Ve içinde cenazeleri çürümüş bir vahşetli mezaristandır. İnsaniyet alâkadarlığiyle ve dalâlet yoliyle senin başına ve varsa ve ölmemiş ise kalbine, o hadsiz firaklardan ve o nihayetsiz dostlarının ebedî ölümlerinden gelen elemler, senin şimdiki sarhoşça, pek kısa bir zamandaki cüz’î lezzetini imha ettiği gibi, gelecek istikbâl zamanı dahi i’tikâdsızlığın cihetiyle yine ma’dûm ve karanlıklı ve ölü ve dehşetli bir vahşetgâhtır. Ve oradan gelen ve başını vücûda çıkaran ve zaman-ı hâzıra uğrayan biçârelerin başları ecel cellâdının satıriyle kesilip hiçliğe atıldığından, mütemâdiyen akıl alâkadarlığiyle senin îmansız başına hadsiz elîm endişeler yağdırıyor. Senin sefihâne cüz’î lezzetini zîr ü zeber eder.
Eğer dalâleti ve sefâheti bırakıp îman-ı tahkikî ve istikamet dâiresine girsen, îman nuruyla göreceksin ki: O geçmiş zaman-ı mâzi, ma’dûm ve herşeyi çürüten bir mezaristan değil; belki mevcûd ve istikbâle inkılâb eden nurânî bir âlem ve bâkî ruhların istikbâldeki saadet saraylarına girmelerine bir intizar salonu görünmesi haysiyetiyle, değil elem, belki îmanın kuvvetine göre Cennet’in bir nev’i ma’nevî lezzetini dünyada dahi tattırdığı gibi; gelecek istikbâl zamanı, değil vahşetgâh ve karanlık, belki îman gözüyle görünür ki; saadet-i ebediye saraylarında hadsiz rahmeti ve keremi bulunan ve her bahar ve yazı birer sofra yapan ve ni’metlerle dolduran bir Rahman-ı Rahîm-i Zülcelâli Ve’l-ikrâm’ın ziyafetleri kurulmuş ve ihsânlarının sergileri açılmış, oraya sevkiyat var.” diye îman sinemasiyle müşahede ettiğinden, derecesine göre bâkî âlemin bir nev’i lezzetini hissedebilir.

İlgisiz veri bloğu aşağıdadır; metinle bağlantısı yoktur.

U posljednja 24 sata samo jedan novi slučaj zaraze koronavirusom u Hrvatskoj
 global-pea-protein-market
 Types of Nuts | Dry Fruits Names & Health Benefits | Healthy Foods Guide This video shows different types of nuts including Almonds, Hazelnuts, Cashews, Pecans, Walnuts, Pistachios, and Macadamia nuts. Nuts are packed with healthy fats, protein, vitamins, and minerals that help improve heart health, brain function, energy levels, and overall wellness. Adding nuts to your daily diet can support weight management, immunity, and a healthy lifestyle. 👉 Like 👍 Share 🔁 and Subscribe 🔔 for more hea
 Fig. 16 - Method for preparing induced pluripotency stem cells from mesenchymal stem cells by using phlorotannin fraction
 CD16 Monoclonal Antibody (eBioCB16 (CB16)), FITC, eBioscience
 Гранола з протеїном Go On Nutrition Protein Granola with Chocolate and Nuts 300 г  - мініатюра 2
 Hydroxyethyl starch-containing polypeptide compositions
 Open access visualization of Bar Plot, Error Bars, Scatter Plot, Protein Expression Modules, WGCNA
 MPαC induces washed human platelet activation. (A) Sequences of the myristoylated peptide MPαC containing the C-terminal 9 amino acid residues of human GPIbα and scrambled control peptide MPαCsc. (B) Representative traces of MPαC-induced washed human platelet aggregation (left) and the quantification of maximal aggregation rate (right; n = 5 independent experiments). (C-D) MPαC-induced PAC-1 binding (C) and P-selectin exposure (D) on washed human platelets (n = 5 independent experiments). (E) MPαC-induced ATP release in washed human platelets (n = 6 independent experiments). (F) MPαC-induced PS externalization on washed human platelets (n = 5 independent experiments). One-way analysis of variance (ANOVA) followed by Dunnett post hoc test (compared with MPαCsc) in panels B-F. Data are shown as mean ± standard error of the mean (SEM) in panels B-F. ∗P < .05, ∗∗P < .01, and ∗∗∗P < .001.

Demek hakîki ve elemsiz lezzet, yalnız îmanda ve îman ile olabilir.
Îmanın bu dünyada dahi verdiği binler faide ve neticelerinden yalnız birtek faide ve lezzetini, -bu mezkûr bahsimiz münâsebetiyle, Gençlik Rehberi’nde bir hâşiye olarak yazılan- bir temsil ile beyân edeceğiz. Şöyle ki:
Meselâ: Senin gâyet sevdiğin birtek evlâdın sekerâtta ölmek üzere iken ve me’yusane elîm, ebedî firakını düşünürken, birden Hazret-i Hızır ve Hakîm-i Lokman gibi bir doktor geldi, tiryak gibi bir macun içirdi; o sevimli ve güzel evlâdın gözünü açtı. Ölümden kurtuldu. Ne kadar sevinç ve ferah veriyor anlarsın.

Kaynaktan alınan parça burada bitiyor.